Responses

There are not necessarily any right answers to these questions and a variety of different, but good responses would typically be given by interview candidates, so here is some of what you might have thought of:

1)    Document 1 says that the king has been badly advised, and has oppressed his subjects. As a result he and his office have been brought into disrepute, with England on the verge of rebellion, and some of his lands elsewhere are on the verge of being lost.

Document 2 says that the king has been badly advised, but also controlled by others, without being willing to behave properly, or take the advice of the ‘great and wise men of his realm’. This king has lost Scotland and other territories, he has not dispensed justice to his subjects, and has tyrannised his people. The document indicates there is now no hope of reform, and there is a finality about its tone which did not characterise Document 1.

Document 3 describes a king who seems to be more of his own master than the king/s in the previous two documents. He has threatened and terrorised his judiciary, and, despite pardoning the duke of Gloucester for an earlier offence and pretending to be friendly towards him, he had him executed later. He also changed the records of parliament and took people’s land from them arbitrarily. He has again tyrannised his people but more than in document 2 this king clearly feels that he does not need to be governed by the law and his judiciary.

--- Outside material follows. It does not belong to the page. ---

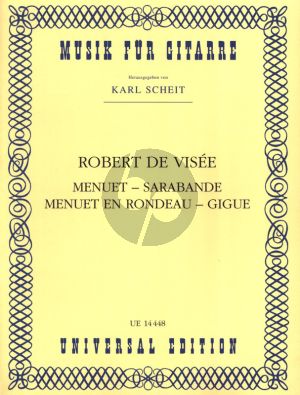 Visee Menuet-Sarabande-Menuet & Menuet-Rondeau-Gique Gitarre (Karl Scheit)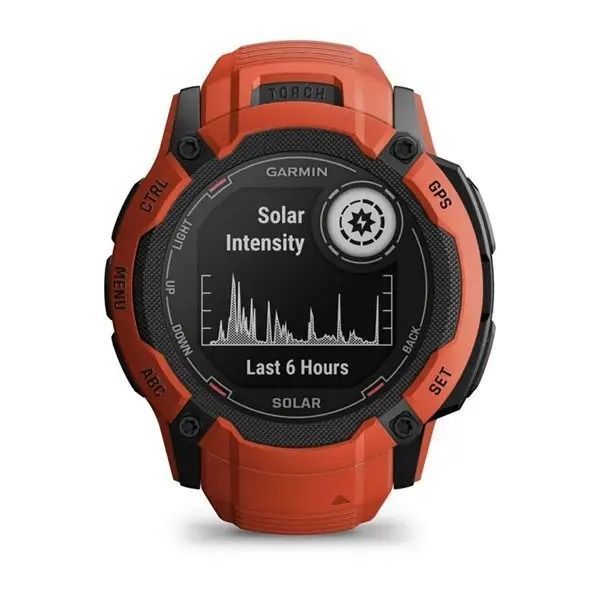 Смарт-годинник Garmin Instinct 2X Solar Flame Red (010-02805-01) 00007981 фото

2)    a) Document 1 refers to lands in France, Ireland and Scotland and illegal taxes so one could look at when the English king had lands in those places and whether there were any ‘illegal’ taxes during that period.

Document 2 refers to the loss of Scotland and other territories, so one would need to ask when they were lost. There might be more than one time, if they were lost, re-conquered and then lost again.

Document 3 refers to a king during whose reign an earl of Gloucester was beheaded so one would need to see when an earl of Gloucester was beheaded, and also any kings known to have had the proceedings of parliament changed or who had threatened their judges. Since it refers to parliament, it might be worth finding out when parliament came into existence.

b) You might use the fact that lands in France are referred to, which would place this earlier than the sixteenth century. But it would be perfectly logical if you didn’t know this, to wonder if this was Stuart England. Not an easy question, so don’t worry if you didn’t make any more headway with it than this!

3)    Since document 2 says Scotland and other lands have been lost and document 1 says they are on the point of being lost, it would seem logical for document 2 to date from later than document 1 if it is the same king. Document 3 is harder to place. It might be the same time as document 2 or it might be a completely different king.

4)    All sound like documents of accusation written to justify opposition to the king or criticism of him. All might be chronicles from the time, or official documents produced by opposition.

5)    Document 2 implies the king should take advice from the ‘great and wise men of his realm’, and all imply that he should abide by the law and not oppress his people. The comments on the loss of territory make clear that it is the king’s job to hold on to territory that belongs to his crown.

6)    The use of words like ‘cruelty’, ‘ruin’ of his realm and people, ‘greed’, ‘terrors’, ‘arbitrary will’ suggest tyrannical kings, or dictators in modern terms. In document 1, the king is described as being more incompetent than tyrannical, though there is mention of ‘oppressive’ measures.